For a closed system at equilibrium the entropy is maximum. Is this a local maximum or is it a global maximum?
To allow a meaningful answer, it would be necessary to qualify the maximum. Maximum with respect to which variable? In thermodynamics the correct (and meaningful) statement is "maximum with respect to the variables (different from the thermodynamic state variables describing the isolated system) which represent the entropy dependence on all possible internal constraints" (i.e. constraints in the isolated system).
From this principle, i.e. from this sentence which condensate a long series of experiences, it is possible to obtain many consequences, like the equilibrium conditions or even the condition of concavity of the entropy as function of the variables which describe the macroscopic state of the isolated system, which, I stress, are not the same which describe the constraints.
So, from the maximum principle, one can get the concavity of entropy with respect to the state variables, by carefully choosing the kind of constraint.
However, such concavity as function of the state variables, does not imply strict concavity, or even concavity of entropy with respect to any possible internal constraint. For example, one could think of a constraint forcing an atomic system to stay only in two ordered crystalline structures (maybe not easy in a lab but not complicate in a computer simulation).
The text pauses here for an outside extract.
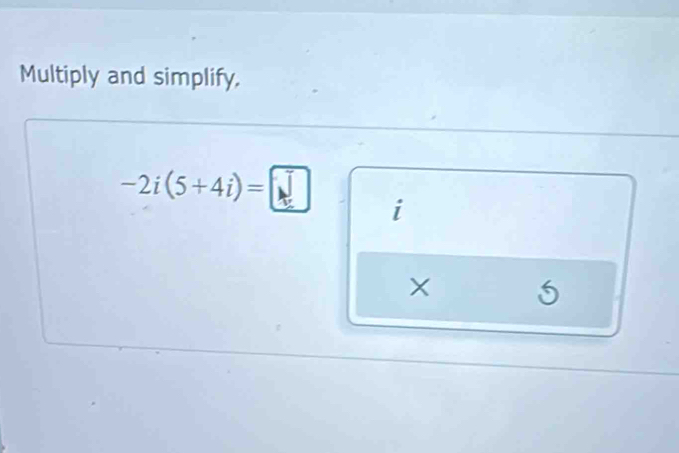 Multiply and simplify,
-2i(5+4i)=□ i 
X 5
For such constrained system one could have local maxima, with the highest being the true stable state and the remaining one, being a metastable system.
Probably the most interesting question could be: if we remove all the internal constraints, how can we know if there is a unique final equilibrium state?
And maybe this was the intended original question. Well, at the best of my knowledge, there is no definite answer. And there is a good reason for that. It is possible to imagine systems which do not reach equilibrium at all (non ergodic systems). Thus, I would consider the request of a unique maximum value of the entropy as an additional request for thermodynamic systems.